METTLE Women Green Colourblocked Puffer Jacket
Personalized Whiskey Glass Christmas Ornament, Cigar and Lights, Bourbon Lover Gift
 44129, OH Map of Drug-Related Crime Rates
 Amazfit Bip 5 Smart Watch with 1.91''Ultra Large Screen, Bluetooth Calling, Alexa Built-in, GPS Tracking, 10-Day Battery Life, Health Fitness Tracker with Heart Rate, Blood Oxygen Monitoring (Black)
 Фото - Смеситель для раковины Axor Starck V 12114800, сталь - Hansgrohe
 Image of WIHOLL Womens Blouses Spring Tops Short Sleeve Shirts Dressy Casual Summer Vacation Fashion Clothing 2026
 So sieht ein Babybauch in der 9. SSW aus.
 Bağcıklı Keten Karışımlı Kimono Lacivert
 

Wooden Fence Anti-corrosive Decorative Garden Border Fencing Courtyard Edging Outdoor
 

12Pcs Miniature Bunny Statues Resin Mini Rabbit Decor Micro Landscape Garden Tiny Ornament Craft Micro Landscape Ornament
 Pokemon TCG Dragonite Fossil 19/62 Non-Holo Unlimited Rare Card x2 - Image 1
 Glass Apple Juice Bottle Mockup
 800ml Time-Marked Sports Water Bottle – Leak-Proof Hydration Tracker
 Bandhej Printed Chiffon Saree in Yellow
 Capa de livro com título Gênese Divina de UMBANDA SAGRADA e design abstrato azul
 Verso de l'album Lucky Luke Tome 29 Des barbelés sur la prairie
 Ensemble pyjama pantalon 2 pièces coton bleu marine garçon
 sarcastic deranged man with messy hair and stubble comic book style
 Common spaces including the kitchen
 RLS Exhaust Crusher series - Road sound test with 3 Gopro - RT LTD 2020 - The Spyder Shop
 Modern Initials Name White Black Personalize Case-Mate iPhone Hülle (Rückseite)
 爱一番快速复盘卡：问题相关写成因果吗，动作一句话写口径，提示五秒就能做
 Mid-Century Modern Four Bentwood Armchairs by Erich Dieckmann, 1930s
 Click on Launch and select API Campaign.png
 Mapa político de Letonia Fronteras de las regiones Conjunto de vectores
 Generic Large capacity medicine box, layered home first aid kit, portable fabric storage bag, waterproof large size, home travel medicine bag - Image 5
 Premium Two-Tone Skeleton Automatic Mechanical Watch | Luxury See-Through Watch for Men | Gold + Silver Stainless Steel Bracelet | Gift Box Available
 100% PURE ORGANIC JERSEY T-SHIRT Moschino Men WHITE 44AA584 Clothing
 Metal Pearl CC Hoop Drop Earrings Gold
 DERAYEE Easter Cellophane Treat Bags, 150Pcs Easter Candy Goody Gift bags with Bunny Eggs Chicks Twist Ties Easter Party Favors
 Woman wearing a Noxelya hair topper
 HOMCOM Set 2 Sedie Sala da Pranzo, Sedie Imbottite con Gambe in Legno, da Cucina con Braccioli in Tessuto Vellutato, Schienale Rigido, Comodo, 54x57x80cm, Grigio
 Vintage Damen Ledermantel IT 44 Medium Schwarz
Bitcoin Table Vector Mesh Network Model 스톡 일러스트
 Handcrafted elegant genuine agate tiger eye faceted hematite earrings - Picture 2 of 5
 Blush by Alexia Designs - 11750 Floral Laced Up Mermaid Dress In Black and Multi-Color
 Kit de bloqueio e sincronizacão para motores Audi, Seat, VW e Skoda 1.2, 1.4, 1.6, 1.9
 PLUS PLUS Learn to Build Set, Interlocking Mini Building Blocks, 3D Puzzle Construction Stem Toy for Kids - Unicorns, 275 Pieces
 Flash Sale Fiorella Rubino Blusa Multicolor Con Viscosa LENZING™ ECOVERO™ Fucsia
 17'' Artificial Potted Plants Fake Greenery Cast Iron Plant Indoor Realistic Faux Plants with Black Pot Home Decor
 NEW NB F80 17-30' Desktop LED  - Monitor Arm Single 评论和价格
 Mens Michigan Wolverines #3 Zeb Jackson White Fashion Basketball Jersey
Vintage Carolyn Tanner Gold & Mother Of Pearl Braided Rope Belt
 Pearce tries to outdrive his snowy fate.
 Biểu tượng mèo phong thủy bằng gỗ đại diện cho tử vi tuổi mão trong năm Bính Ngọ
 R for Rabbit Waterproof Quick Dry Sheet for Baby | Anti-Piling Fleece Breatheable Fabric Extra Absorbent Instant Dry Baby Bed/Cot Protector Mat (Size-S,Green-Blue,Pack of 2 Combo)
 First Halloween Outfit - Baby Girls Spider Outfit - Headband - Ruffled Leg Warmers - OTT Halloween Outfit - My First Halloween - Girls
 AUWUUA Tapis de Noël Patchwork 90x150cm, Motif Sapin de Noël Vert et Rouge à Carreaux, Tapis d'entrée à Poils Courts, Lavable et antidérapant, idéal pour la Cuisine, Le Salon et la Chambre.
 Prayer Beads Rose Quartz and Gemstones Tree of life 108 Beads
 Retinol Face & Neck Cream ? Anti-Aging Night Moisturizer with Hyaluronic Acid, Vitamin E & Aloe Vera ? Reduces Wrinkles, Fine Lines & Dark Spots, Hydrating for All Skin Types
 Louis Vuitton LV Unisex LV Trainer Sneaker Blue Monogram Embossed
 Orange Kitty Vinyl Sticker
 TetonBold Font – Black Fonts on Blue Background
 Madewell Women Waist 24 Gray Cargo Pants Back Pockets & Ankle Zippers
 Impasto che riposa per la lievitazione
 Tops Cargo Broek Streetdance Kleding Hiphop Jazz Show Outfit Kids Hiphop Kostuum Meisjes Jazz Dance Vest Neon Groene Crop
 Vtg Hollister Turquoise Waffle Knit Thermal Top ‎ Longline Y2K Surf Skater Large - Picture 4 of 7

_TASK GOAL:_ Please reproduce each entry above exactly as it reads.

_THE ANSWER:_
METTLE Women Green Colourblocked Puffer Jacket
Personalized Whiskey Glass Christmas Ornament, Cigar and Lights, Bourbon Lover Gift
 44129, OH Map of Drug-Related Crime Rates
 Amazfit Bip 5 Smart Watch with 1.91''Ultra Large Screen, Bluetooth Calling, Alexa Built-in, GPS Tracking, 10-Day Battery Life, Health Fitness Tracker with Heart Rate, Blood Oxygen Monitoring (Black)
 Фото - Смеситель для раковины Axor Starck V 12114800, сталь - Hansgrohe
 Image of WIHOLL Womens Blouses Spring Tops Short Sleeve Shirts Dressy Casual Summer Vacation Fashion Clothing 2026
 So sieht ein Babybauch in der 9. SSW aus.
 Bağcıklı Keten Karışımlı Kimono Lacivert
 

Wooden Fence Anti-corrosive Decorative Garden Border Fencing Courtyard Edging Outdoor
 

12Pcs Miniature Bunny Statues Resin Mini Rabbit Decor Micro Landscape Garden Tiny Ornament Craft Micro Landscape Ornament
 Pokemon TCG Dragonite Fossil 19/62 Non-Holo Unlimited Rare Card x2 - Image 1
 Glass Apple Juice Bottle Mockup
 800ml Time-Marked Sports Water Bottle – Leak-Proof Hydration Tracker
 Bandhej Printed Chiffon Saree in Yellow
 Capa de livro com título Gênese Divina de UMBANDA SAGRADA e design abstrato azul
 Verso de l'album Lucky Luke Tome 29 Des barbelés sur la prairie
 Ensemble pyjama pantalon 2 pièces coton bleu marine garçon
 sarcastic deranged man with messy hair and stubble comic book style
 Common spaces including the kitchen
 RLS Exhaust Crusher series - Road sound test with 3 Gopro - RT LTD 2020 - The Spyder Shop
 Modern Initials Name White Black Personalize Case-Mate iPhone Hülle (Rückseite)
 爱一番快速复盘卡：问题相关写成因果吗，动作一句话写口径，提示五秒就能做
 Mid-Century Modern Four Bentwood Armchairs by Erich Dieckmann, 1930s
 Click on Launch and select API Campaign.png
 Mapa político de Letonia Fronteras de las regiones Conjunto de vectores
 Generic Large capacity medicine box, layered home first aid kit, portable fabric storage bag, waterproof large size, home travel medicine bag - Image 5
 Premium Two-Tone Skeleton Automatic Mechanical Watch | Luxury See-Through Watch for Men | Gold + Silver Stainless Steel Bracelet | Gift Box Available
 100% PURE ORGANIC JERSEY T-SHIRT Moschino Men WHITE 44AA584 Clothing
 Metal Pearl CC Hoop Drop Earrings Gold
 DERAYEE Easter Cellophane Treat Bags, 150Pcs Easter Candy Goody Gift bags with Bunny Eggs Chicks Twist Ties Easter Party Favors
 Woman wearing a Noxelya hair topper
 HOMCOM Set 2 Sedie Sala da Pranzo, Sedie Imbottite con Gambe in Legno, da Cucina con Braccioli in Tessuto Vellutato, Schienale Rigido, Comodo, 54x57x80cm, Grigio
 Vintage Damen Ledermantel IT 44 Medium Schwarz
Bitcoin Table Vector Mesh Network Model 스톡 일러스트
 Handcrafted elegant genuine agate tiger eye faceted hematite earrings - Picture 2 of 5
 Blush by Alexia Designs - 11750 Floral Laced Up Mermaid Dress In Black and Multi-Color
 Kit de bloqueio e sincronizacão para motores Audi, Seat, VW e Skoda 1.2, 1.4, 1.6, 1.9
 PLUS PLUS Learn to Build Set, Interlocking Mini Building Blocks, 3D Puzzle Construction Stem Toy for Kids - Unicorns, 275 Pieces
 Flash Sale Fiorella Rubino Blusa Multicolor Con Viscosa LENZING™ ECOVERO™ Fucsia
 17'' Artificial Potted Plants Fake Greenery Cast Iron Plant Indoor Realistic Faux Plants with Black Pot Home Decor
 NEW NB F80 17-30' Desktop LED  - Monitor Arm Single 评论和价格
 Mens Michigan Wolverines #3 Zeb Jackson White Fashion Basketball Jersey
Vintage Carolyn Tanner Gold & Mother Of Pearl Braided Rope Belt
 Pearce tries to outdrive his snowy fate.
 Biểu tượng mèo phong thủy bằng gỗ đại diện cho tử vi tuổi mão trong năm Bính Ngọ
 R for Rabbit Waterproof Quick Dry Sheet for Baby | Anti-Piling Fleece Breatheable Fabric Extra Absorbent Instant Dry Baby Bed/Cot Protector Mat (Size-S,Green-Blue,Pack of 2 Combo)
 First Halloween Outfit - Baby Girls Spider Outfit - Headband - Ruffled Leg Warmers - OTT Halloween Outfit - My First Halloween - Girls
 AUWUUA Tapis de Noël Patchwork 90x150cm, Motif Sapin de Noël Vert et Rouge à Carreaux, Tapis d'entrée à Poils Courts, Lavable et antidérapant, idéal pour la Cuisine, Le Salon et la Chambre.
 Prayer Beads Rose Quartz and Gemstones Tree of life 108 Beads
 Retinol Face & Neck Cream ? Anti-Aging Night Moisturizer with Hyaluronic Acid, Vitamin E & Aloe Vera ? Reduces Wrinkles, Fine Lines & Dark Spots, Hydrating for All Skin Types
 Louis Vuitton LV Unisex LV Trainer Sneaker Blue Monogram Embossed
 Orange Kitty Vinyl Sticker
 TetonBold Font – Black Fonts on Blue Background
 Madewell Women Waist 24 Gray Cargo Pants Back Pockets & Ankle Zippers
 Impasto che riposa per la lievitazione
 Tops Cargo Broek Streetdance Kleding Hiphop Jazz Show Outfit Kids Hiphop Kostuum Meisjes Jazz Dance Vest Neon Groene Crop
 Vtg Hollister Turquoise Waffle Knit Thermal Top ‎ Longline Y2K Surf Skater Large - Picture 4 of 7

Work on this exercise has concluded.